[[ Information supplied open ]]

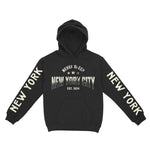 New York Hoodie in Black - front-sleeves view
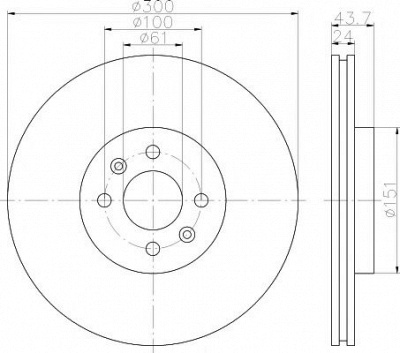 HELLA PAGID 8dd355113061 -  Тормозной диск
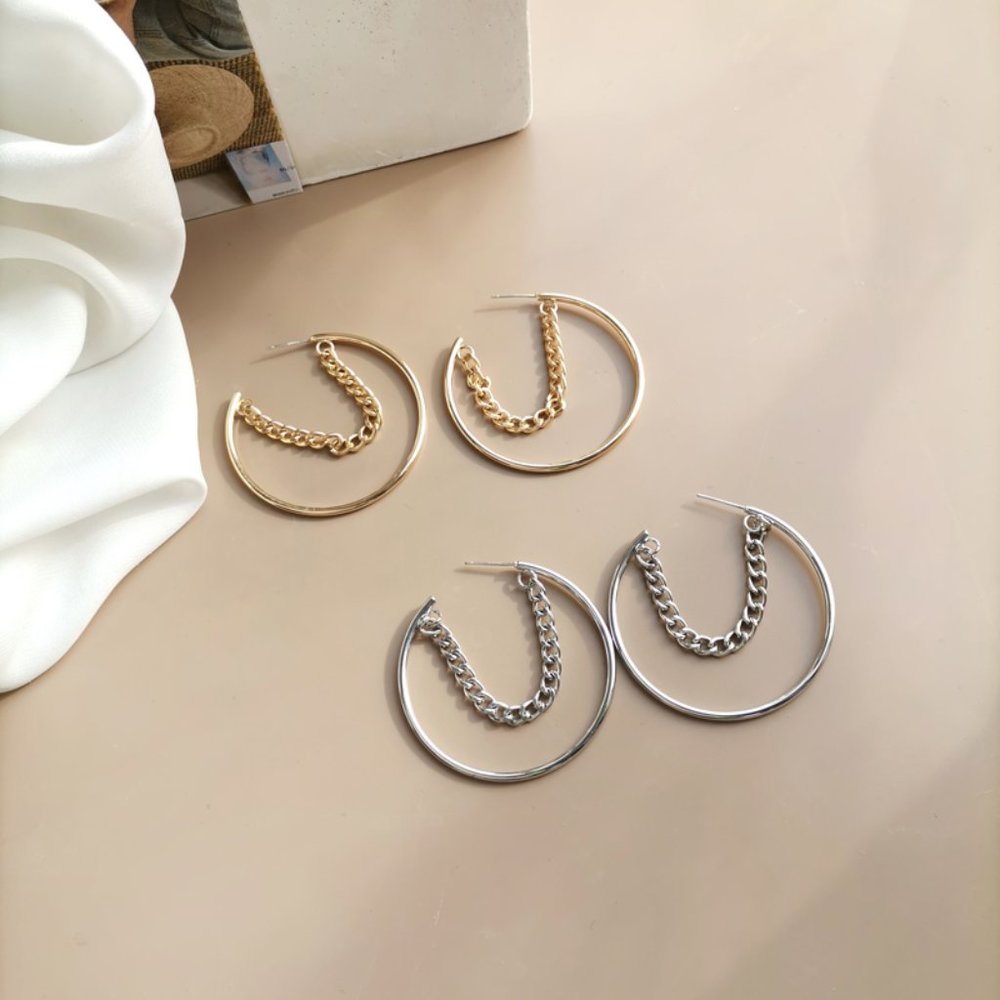 💙Minimalistic Chain Hoops Earrings - Picture 9 of 14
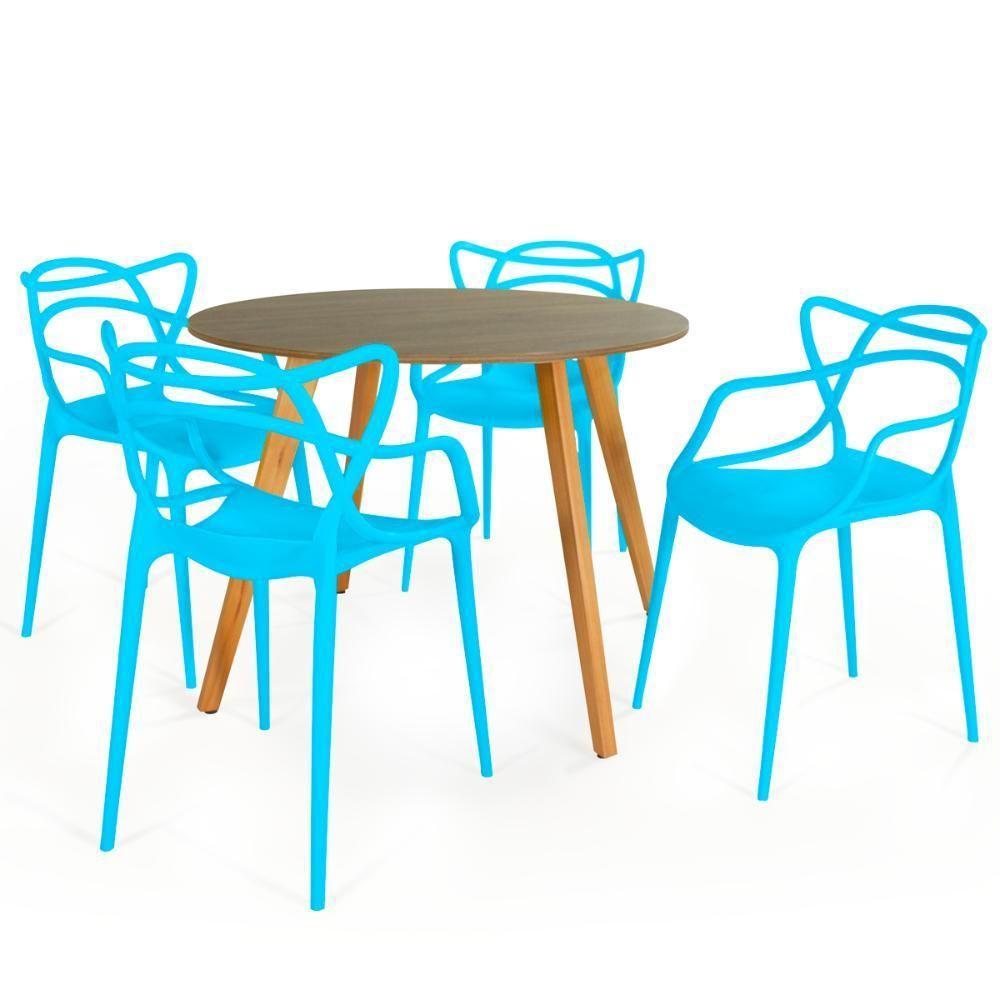 Conjunto Mesa De Jantar Redonda Laura 120cm Natural Com 4 Cadeiras Allegra - Azul - 1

[[ Information supplied closed ]]

* Problem *
Each line of the material is to be output exactly. Images are not part of the expected output.

* Answer to the exercise *
 New York Hoodie in Black - front-sleeves view
 HELLA PAGID 8dd355113061 -  Тормозной диск
 💙Minimalistic Chain Hoops Earrings - Picture 9 of 14
 Conjunto Mesa De Jantar Redonda Laura 120cm Natural Com 4 Cadeiras Allegra - Azul - 1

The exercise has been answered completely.